- **Data under study**
◆ ◆ ◆ ◆ ◆ ◆ ◆

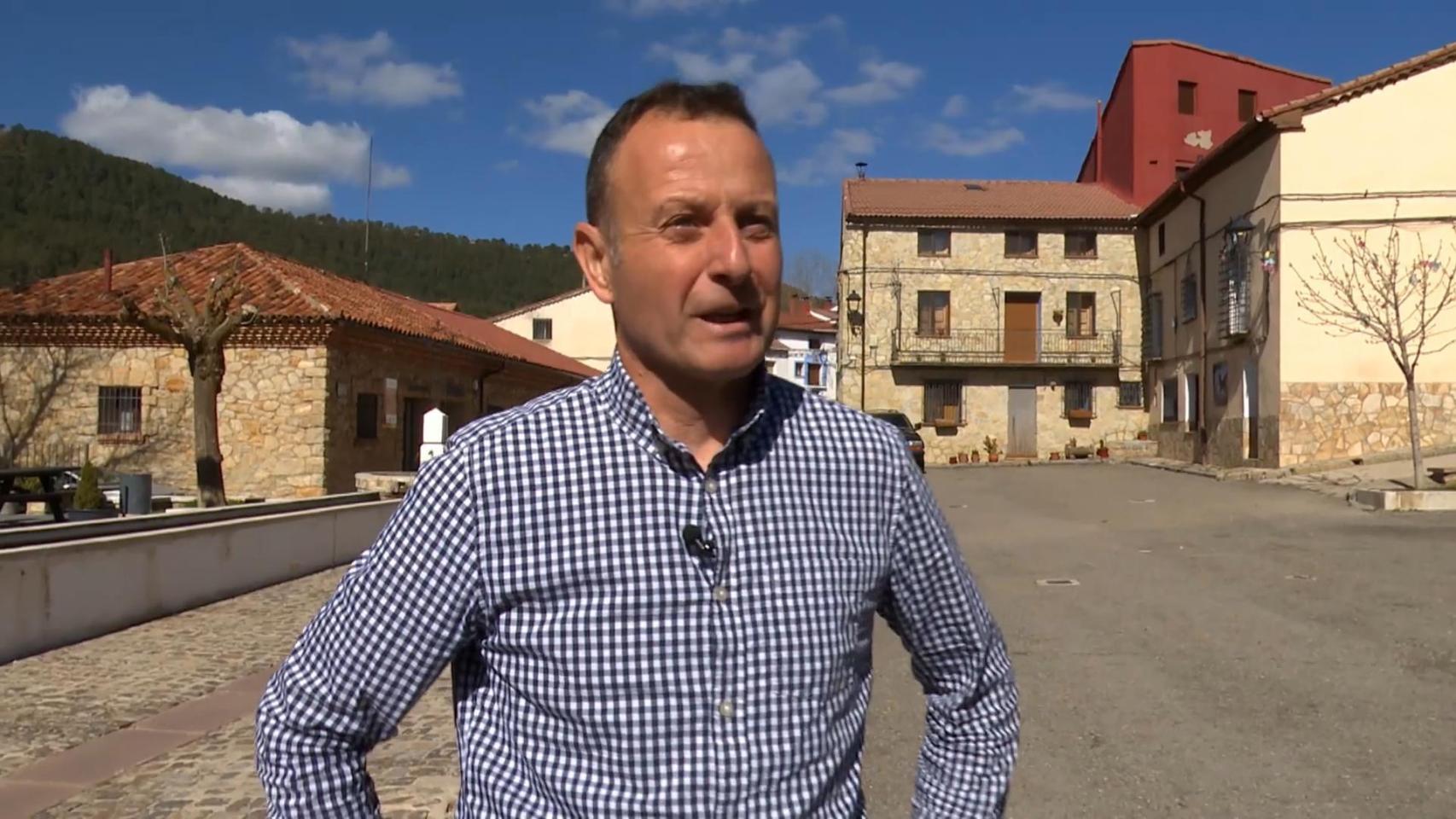 Fernando, vecino de Griegos (Teruel)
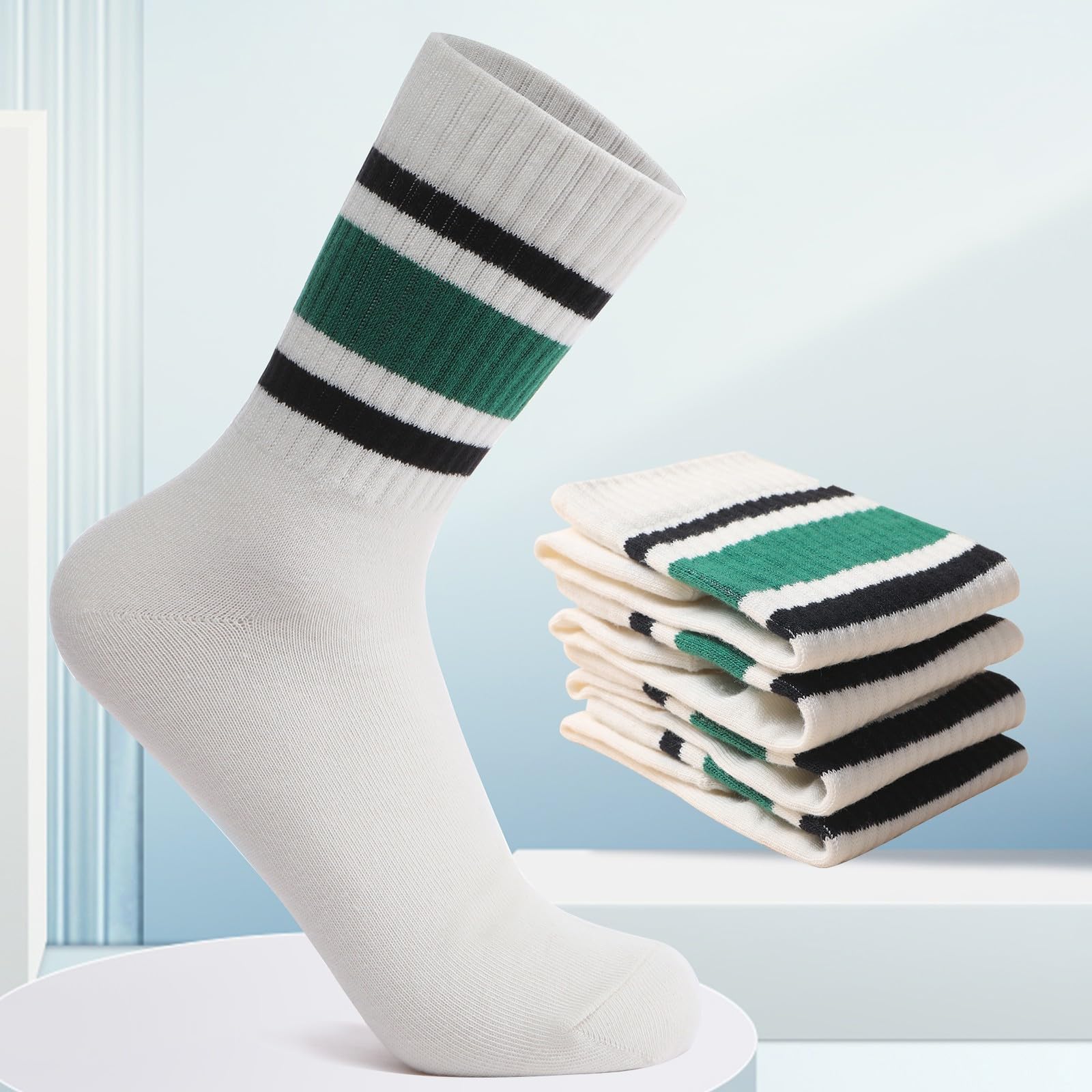 Lot de 3 paires de chaussettes à coupe basse pour homme, douces, extensibles, co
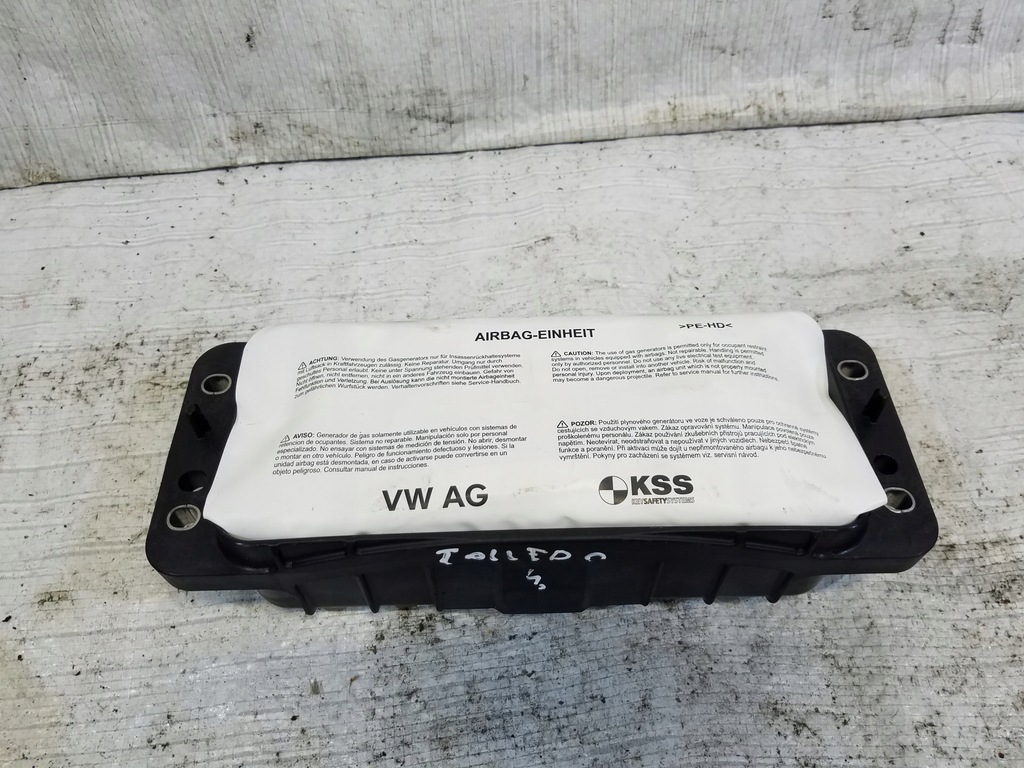 фото №1, Подушка подушка безпеки пасажира seat toledo iv 1st880204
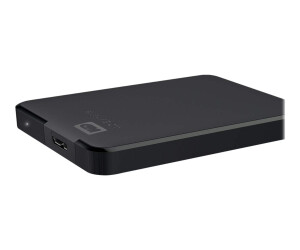WD Elements Portable WDBU6Y0050BBK - Festplatte - 5 TB - extern (tragbar)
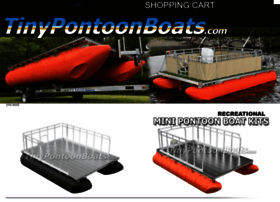 Tinypontoonboats.com thumbnail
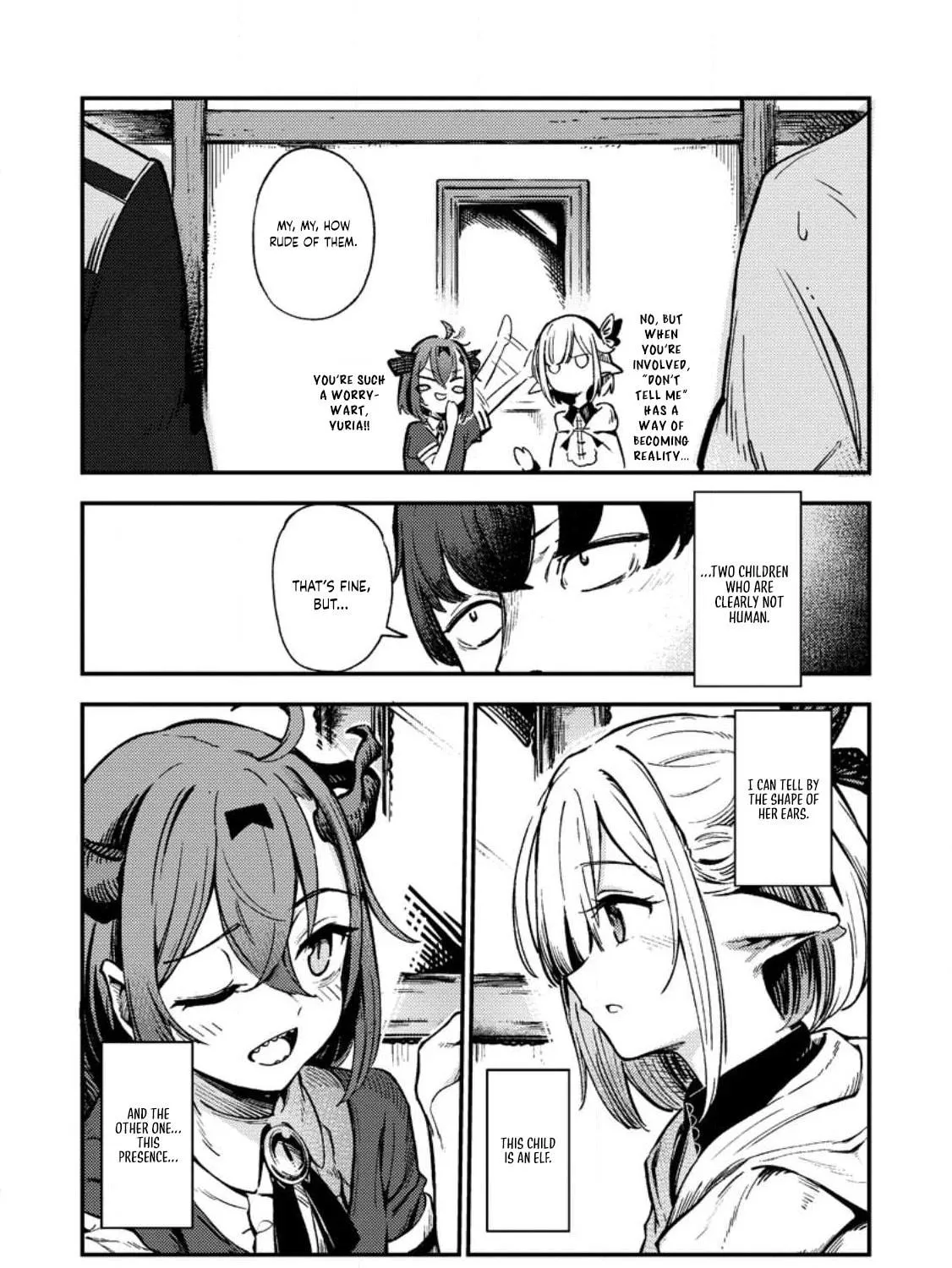 Saikyou Kyuutei Shinanyaku no Ossan, Tsuihousareta Hekichi de Musou Suru: Maboroshi to Natta Shuzoku no Bishoujo-tachi wo Sodatete Henkyou wo Kaitaku Chapter 1 page 29 - 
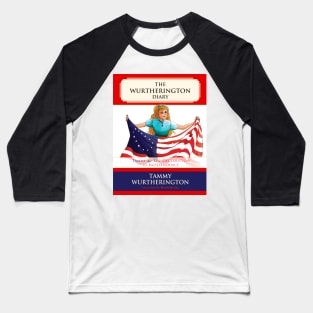 Tammy and the Declaration of Independence Baseball T-Shirt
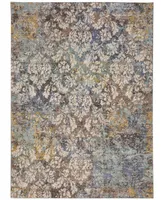 Karastan Cosmopolitan La Brea Multi 5'3" x 7'10" Area Rug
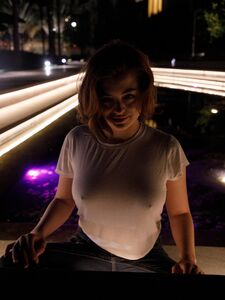 Aria Sky Tits on Display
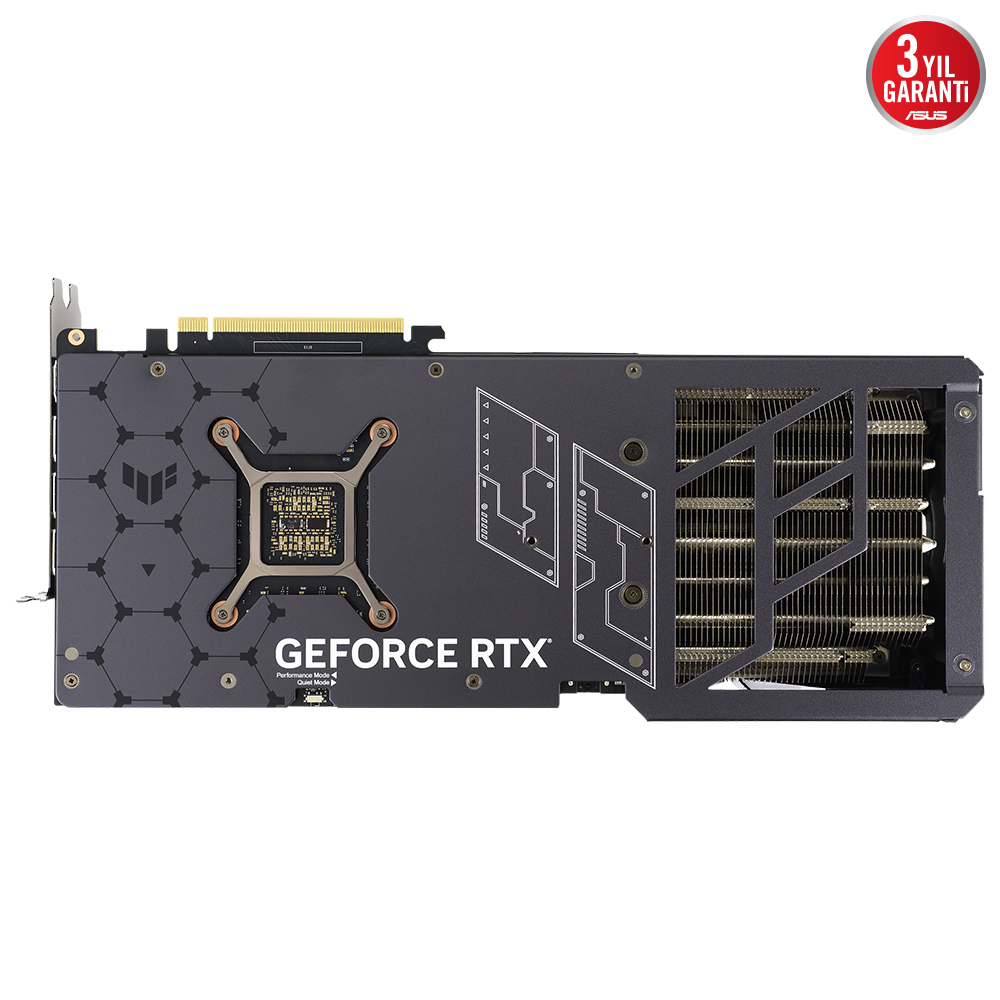 ASUS TUF Gaming GeForce RTX 4080 TUF-RTX4080-16G-GAMING 16GB GDDR6X 256Bit DX12 DLSS 3 Gaming (Oyuncu) Ekran Kartı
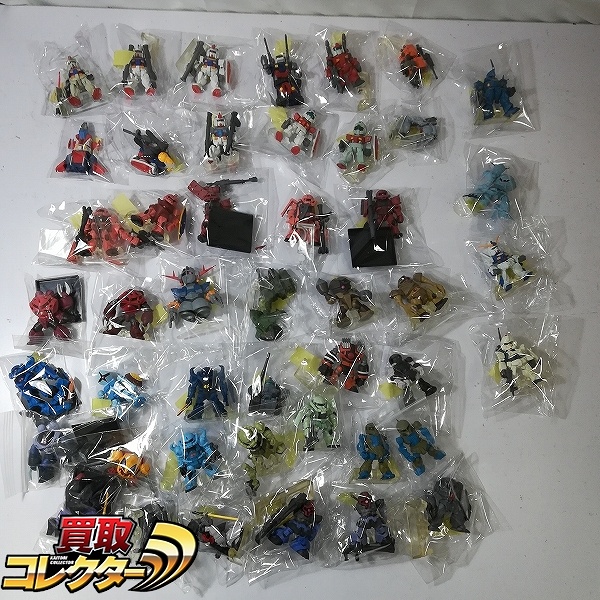 FW ガンダムコンバージ まとめ ガンダム シャア専用ズゴック ジオング ケンプファー グフカスタム ガンダムEz-8 他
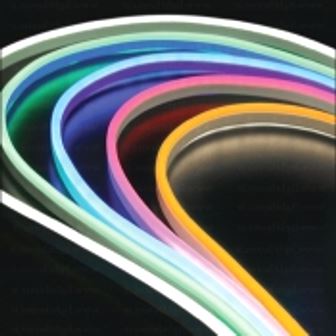 ریسه نئون فلکس 220 ولت SMD شعاع در رنگ های متنوع 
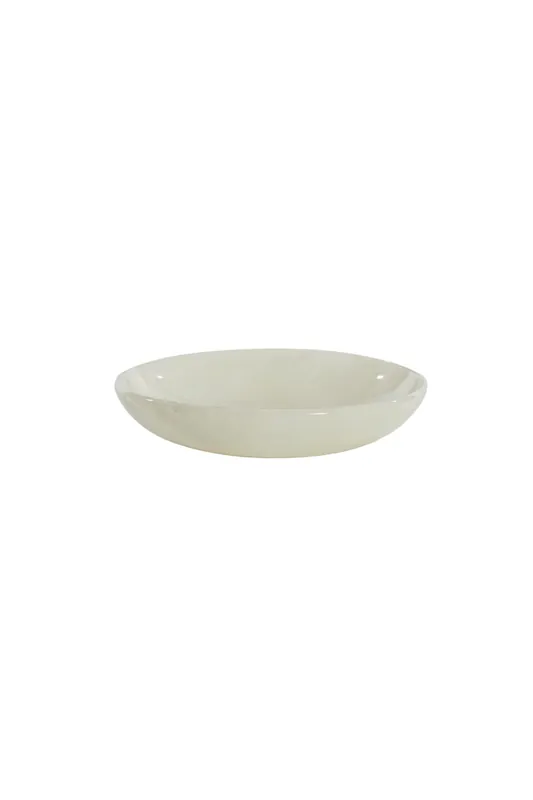 Luxe Light & Living - Schaal BELAWAN - Ø26x5cm - Wit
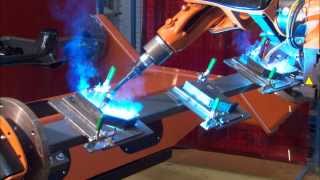 KUKA Robots for the Welding Industry [upl. by Gabbi48]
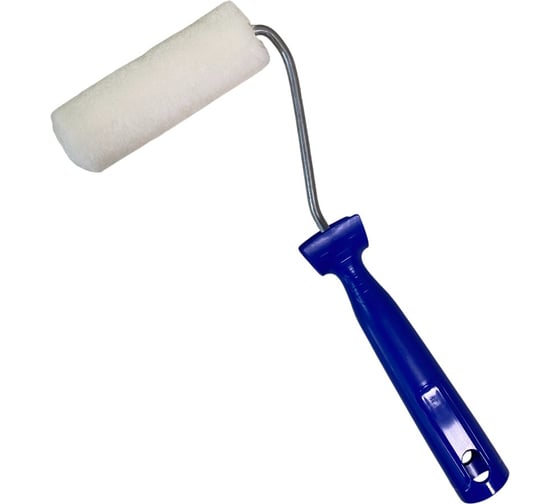 Изображение товара Миди-валик в сборе ACCURATE 315х135х55 Лаки 120мм d6мм Велюр, ворс 5мм 31312030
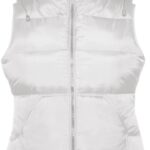 Damen Kapuzen Bodywarmer B&C | Zen + /women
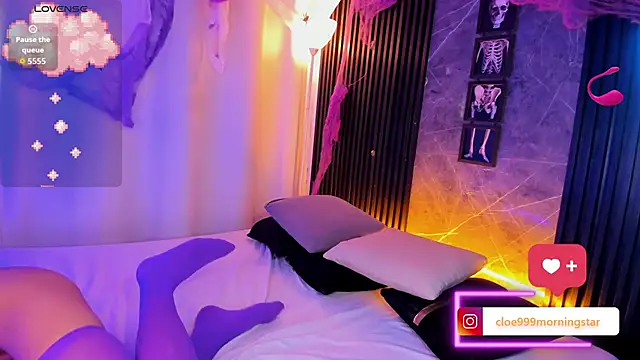 Snapshot of cloemorningstar chatting on 22, 10, 2025 cloemorningstar online show from 22, 10, 2025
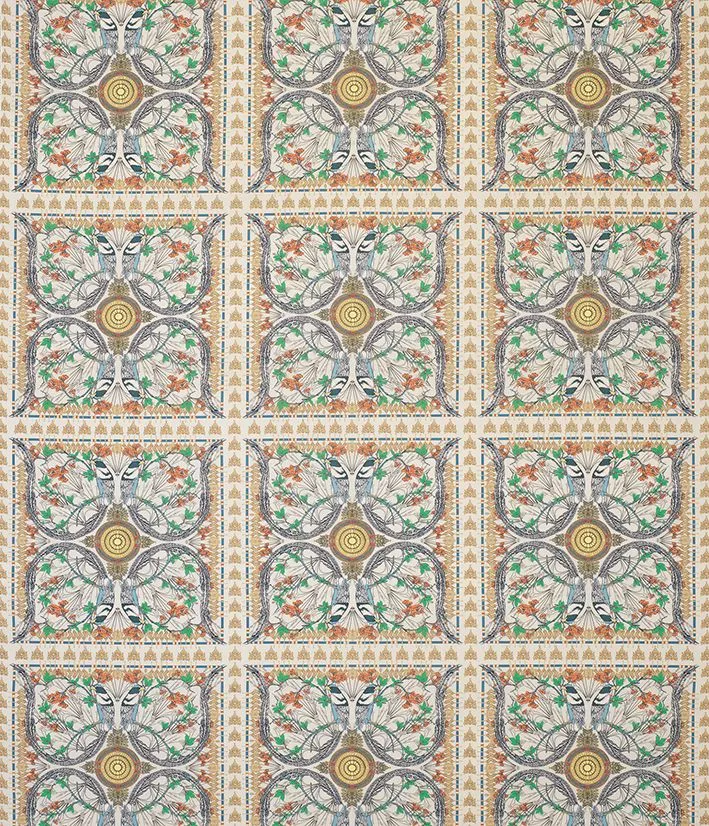 Ткань Matthew Williamson Belvoir Fabrics f7123-02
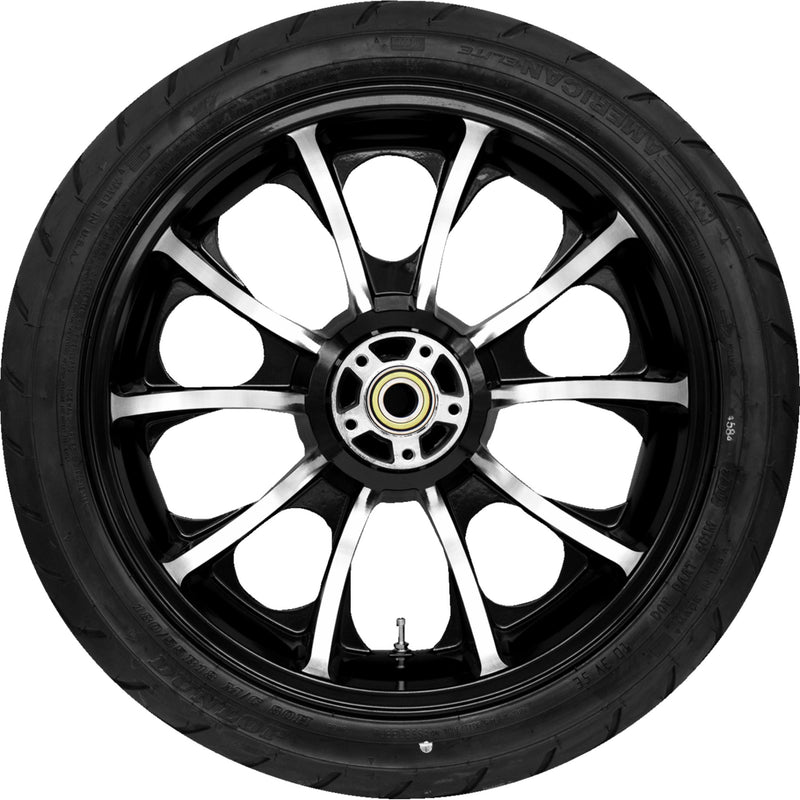 Coastal Moto Wheel - PKG2-LAR185BC-ABST For Harley Touring 2009-2024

◆ ◆ ◆ ◆ ◆ ◆ ◆

What is needed is an exact copy of the data, with the pictures removed.

 Fernando, vecino de Griegos (Teruel)
 Lot de 3 paires de chaussettes à coupe basse pour homme, douces, extensibles, co
 фото №1, Подушка подушка безпеки пасажира seat toledo iv 1st880204
WD Elements Portable WDBU6Y0050BBK - Festplatte - 5 TB - extern (tragbar)
 Tinypontoonboats.com thumbnail
 Saikyou Kyuutei Shinanyaku no Ossan, Tsuihousareta Hekichi de Musou Suru: Maboroshi to Natta Shuzoku no Bishoujo-tachi wo Sodatete Henkyou wo Kaitaku Chapter 1 page 29 - 
 Tammy and the Declaration of Independence Baseball T-Shirt
 Karastan Cosmopolitan La Brea Multi 5'3" x 7'10" Area Rug
 Aria Sky Tits on Display
 ASUS TUF Gaming GeForce RTX 4080 TUF-RTX4080-16G-GAMING 16GB GDDR6X 256Bit DX12 DLSS 3 Gaming (Oyuncu) Ekran Kartı
 FW ガンダムコンバージ まとめ ガンダム シャア専用ズゴック ジオング ケンプファー グフカスタム ガンダムEz-8 他
 ریسه نئون فلکس 220 ولت SMD شعاع در رنگ های متنوع 
 Luxe Light & Living - Schaal BELAWAN - Ø26x5cm - Wit
 KUKA Robots for the Welding Industry [upl. by Gabbi48]
 Изображение товара Миди-валик в сборе ACCURATE 315х135х55 Лаки 120мм d6мм Велюр, ворс 5мм 31312030
 Damen Kapuzen Bodywarmer B&C | Zen + /women
 Snapshot of cloemorningstar chatting on 22, 10, 2025 cloemorningstar online show from 22, 10, 2025
 Ткань Matthew Williamson Belvoir Fabrics f7123-02
 Coastal Moto Wheel - PKG2-LAR185BC-ABST For Harley Touring 2009-2024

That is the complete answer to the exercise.